Task details -> Scan the data below and state the number of lines that include the word "Photo", adding no comment.

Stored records
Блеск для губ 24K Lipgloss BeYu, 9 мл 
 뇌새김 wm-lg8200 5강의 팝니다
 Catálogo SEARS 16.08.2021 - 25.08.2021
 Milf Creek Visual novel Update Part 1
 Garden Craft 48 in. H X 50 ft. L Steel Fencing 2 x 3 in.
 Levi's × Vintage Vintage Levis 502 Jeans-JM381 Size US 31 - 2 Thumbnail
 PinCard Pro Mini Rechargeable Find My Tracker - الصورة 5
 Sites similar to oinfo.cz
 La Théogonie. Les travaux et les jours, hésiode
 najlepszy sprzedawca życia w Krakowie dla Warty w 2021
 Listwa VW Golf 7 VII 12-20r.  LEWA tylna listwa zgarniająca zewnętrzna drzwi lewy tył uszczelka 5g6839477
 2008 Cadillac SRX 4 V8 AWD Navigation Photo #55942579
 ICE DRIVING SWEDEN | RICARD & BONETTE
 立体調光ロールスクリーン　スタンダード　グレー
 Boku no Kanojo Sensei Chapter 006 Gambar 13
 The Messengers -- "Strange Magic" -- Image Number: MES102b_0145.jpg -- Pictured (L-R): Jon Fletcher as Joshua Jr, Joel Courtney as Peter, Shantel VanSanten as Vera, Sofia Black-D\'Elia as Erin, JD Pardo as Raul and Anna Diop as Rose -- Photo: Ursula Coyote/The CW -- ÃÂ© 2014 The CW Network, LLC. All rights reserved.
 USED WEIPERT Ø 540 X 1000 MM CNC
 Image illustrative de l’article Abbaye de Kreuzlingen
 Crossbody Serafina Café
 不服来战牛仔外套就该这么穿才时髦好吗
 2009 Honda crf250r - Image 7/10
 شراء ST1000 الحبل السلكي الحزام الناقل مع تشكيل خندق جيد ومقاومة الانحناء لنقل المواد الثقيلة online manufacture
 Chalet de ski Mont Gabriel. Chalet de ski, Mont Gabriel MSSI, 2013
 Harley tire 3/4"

Exercise result -> 2